Aim of the exercise
Your answer should be an exact copy of the lines from the one holding "455 Berkshire Road" to the end of the material below, pictures left out.

Collected material
*-*-*

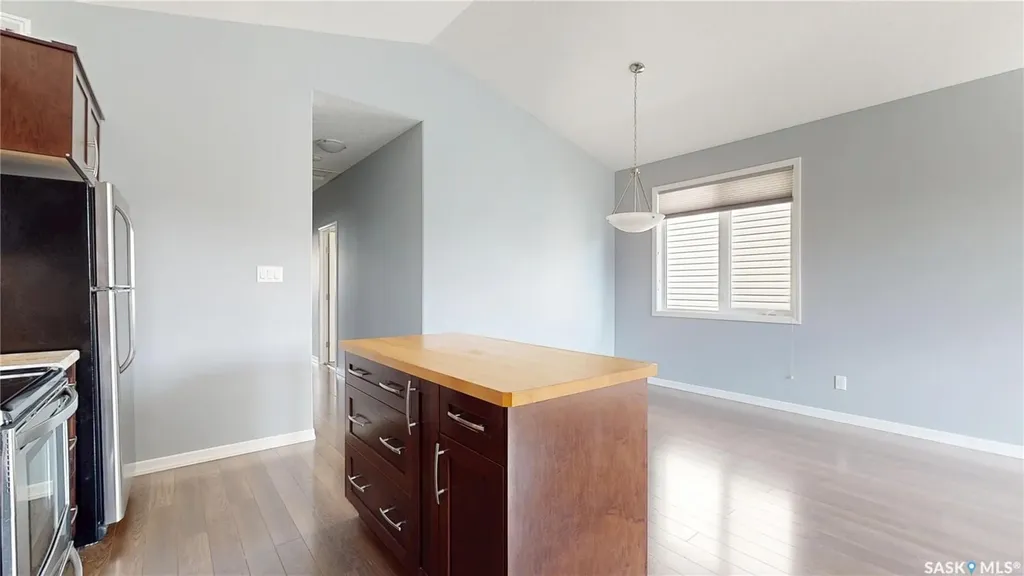 4117 Green Olive Way Regina SK S4V 1P8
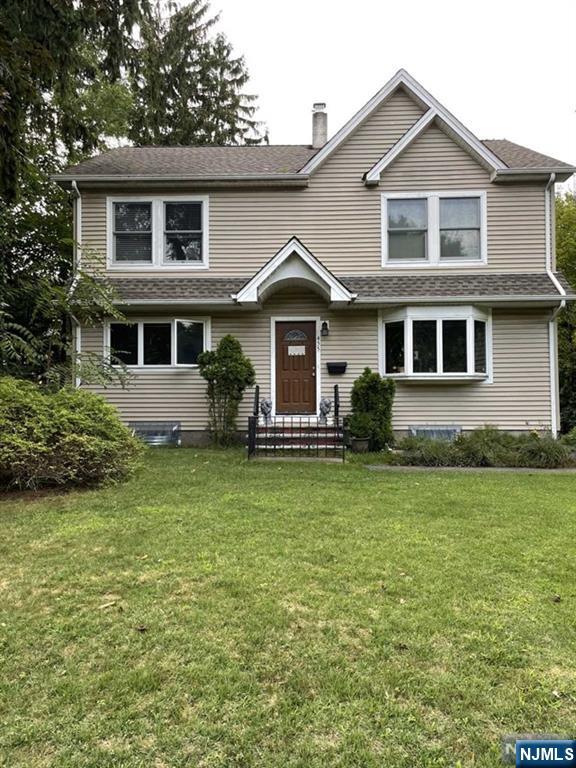 455 Berkshire Road Ridgewood, NJ 07450 - Photo 1 of 16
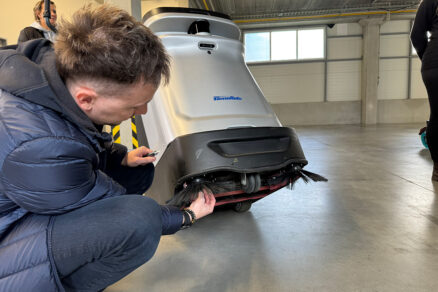 Technik kontroluje elektrostatické kefy robotického upratovacieho zariadenia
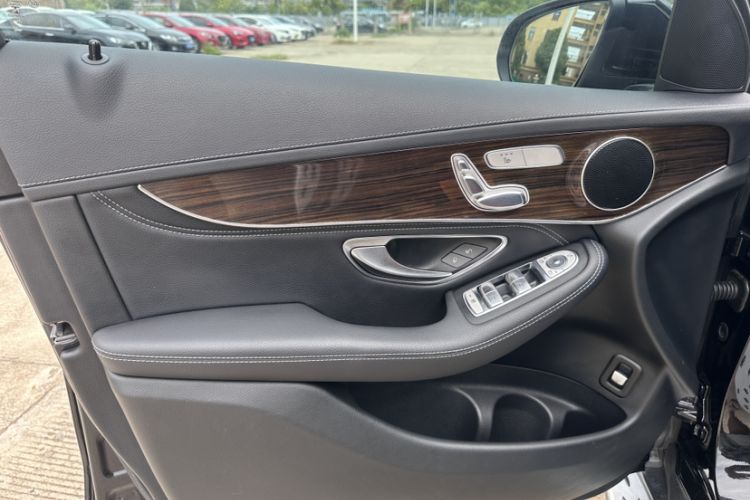 Used Mercedes-Benz GLC 2017 GLC 260 4MATIC Luxury Model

*-*-*

Response for this exercise
 455 Berkshire Road Ridgewood, NJ 07450 - Photo 1 of 16
 Technik kontroluje elektrostatické kefy robotického upratovacieho zariadenia
 Used Mercedes-Benz GLC 2017 GLC 260 4MATIC Luxury Model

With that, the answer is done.